初めての人
「はぁ・・・気持ちは分かるが、ムリはしないでくれよ・・・ホントに気持ちは分かるけどさ・・・俺たちが無茶して倒れたらマスターだって心配するだろう?な?俺たちだって心配なんだ・・俺たちのためを思ってくれるならムリしないでくれ」
(・・コクリ)
ムリしていっぱい歩いて転んで気絶した後、目を覚ましたら猫さんに介抱されつつ、鳥さんから注意されました。
うん、言われて見ると逆に鳥さんたちが私のためにいっぱい頑張って倒れたら私泣いちゃう・・うん・・気をつける。

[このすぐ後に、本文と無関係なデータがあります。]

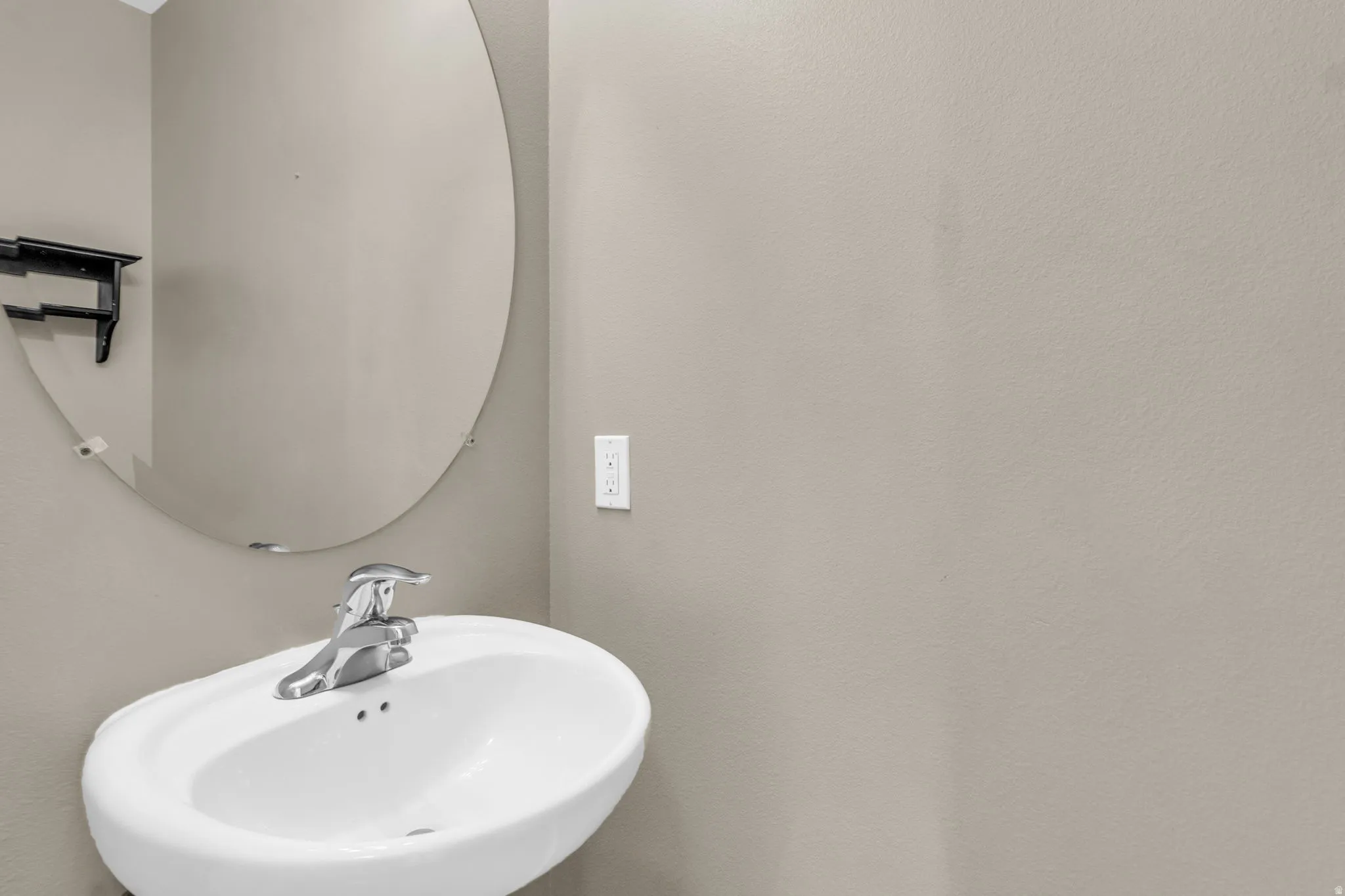 Pedestal sink with chrome-finish faucet and an oval wall mirror.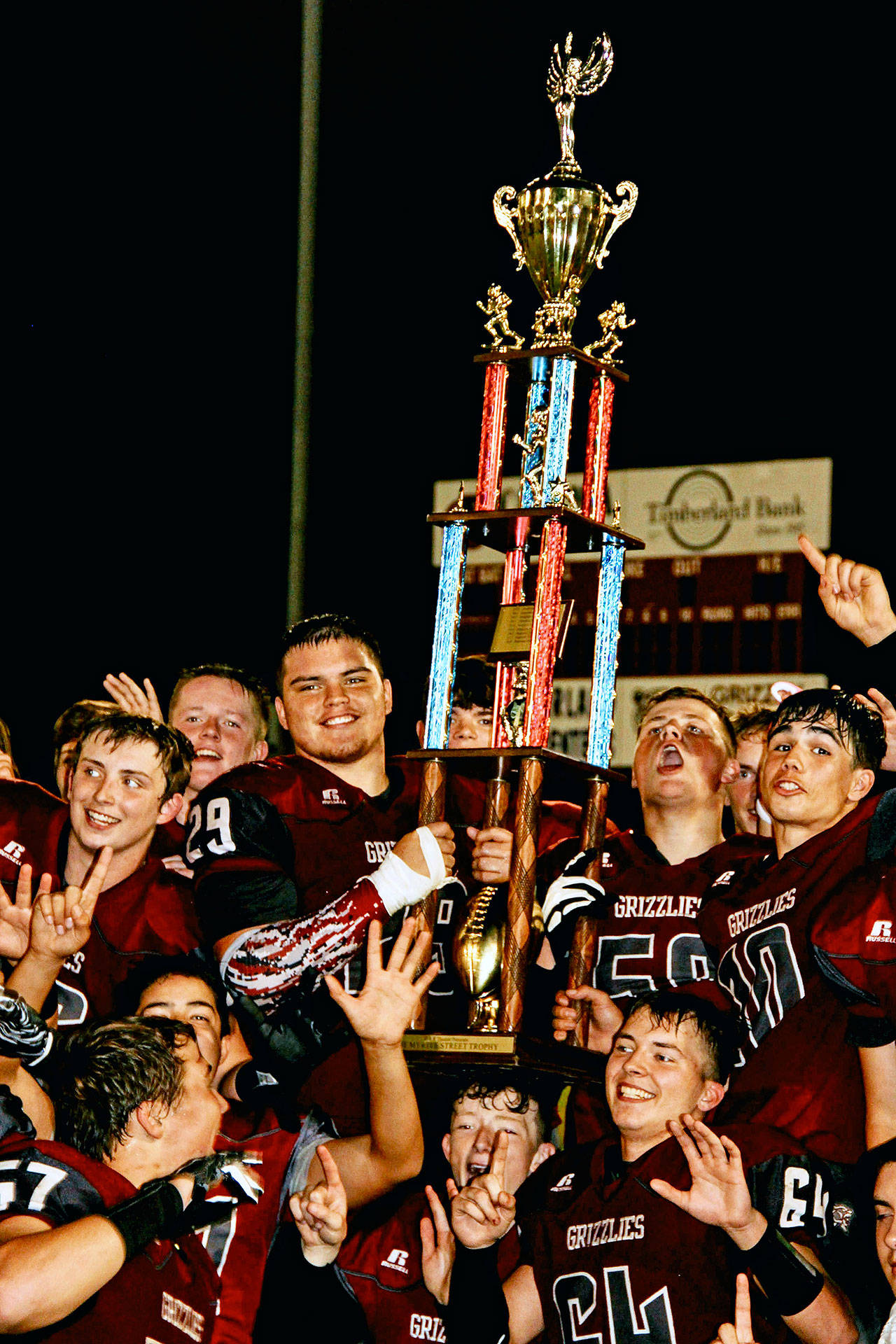 The Hoquiam Grizzlies hold up the Myrtle Street Rivalry trophy after defeating the Aberdeen Bobcats 56-3 on Friday, Sept. 13. Hoquiam has won 13 of its last 14 games dating back to last season and faces La Center on Friday. (Photo by Jinny Marchand)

「よし、気持ちが分かってくれれば良いんだ。とりあえず、あそこで野営しよう。幸いなことにほとんど何もせずに雨風がしのげる感じになってるからな。」
嘴で指す方を見たらそこには不思議な形のおっきな木がありました。
根っこって言う木の下のところで土の中にあるのが土の上にあって、そこが洞窟になってるんだけど、その先は私が横になって脚をいっぱい伸ばせるくらい広いところになってた。
だから、ありがたく夜は、ここで休ませてもらうことになったの。
鳥さんが言うには、こういう形の木は滅多にないから休もうとしたときに見つかったのはすごく運が良いんだって。
運が良いってすごいって言われてもお外が初めてだからどう反応すればいいかわかんないよ?
まぁいいか。
入り口は、子供である私だと余裕だけど大人の人だと難しそうなくらいの太さだから、そこを鳥さんと猫さんが交代で見ててくれるんだって。
私も一緒に夜の番をした方が良いんじゃないかって思ってたら、休んでもらった方がありがたいっていわれたので素直にお休みなさい。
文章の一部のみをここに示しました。